Russell shared of the Songs of Our Native Daughters project, “I went into that project having been through an almost three-year writer’s block that began after I became a mother for the first time, when I gave birth to my daughter Ida. I just fell silent. I think I really understood on a deep level how urgent it all is, and that what I chose to say had to mean something — and that she would hear it, and future generations would potentially hear it. The intensity of understanding that I was stepping into the stream of ancestors, and I want to be a good one… I got overwhelmed by it all and I stopped writing.

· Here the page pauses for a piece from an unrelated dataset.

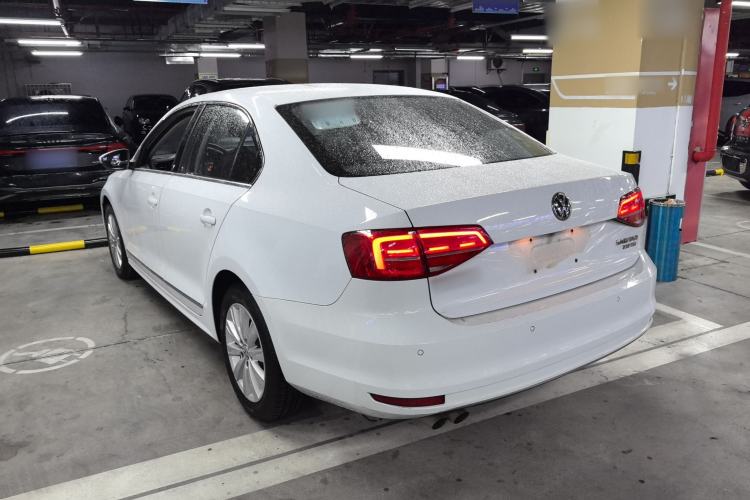 Used Volkswagen Sagitar 2015 230TSI Automatic Comfort Version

I really thought that maybe my time as a writer was done.”
That changed, she said, when she (along with Amythyst) got the call to do the songs for the Songs of Our Native Daughters project. “I wrote or co-wrote seven songs on that record and I wasn’t able to stop,” she recalled. “There was just this sort of dammed up impetus of so many things I needed to say.”
The Next Chapter
Russell noted that her curation of the Newport Folk Festival set earlier this year was inspired by folk heroine Odetta, who played in the earliest days of the Newport Folk Festival — at one moment during the panel, she paused to point to a photo of Odetta on the wall behind her. This year’s set proved that as the Americana genre as a whole continues taking steps toward greater inclusivity, a new generation of Black female artists stand ready to continue Odetta’s legacy. Russell says she hopes to have Once and Future Sounds: Roots and Revolution presented in different cities, with different curators and collaborators in each city. She hopes to stage it next year at Nashville, Tenn.’s Ryman Auditorium and make it into a film.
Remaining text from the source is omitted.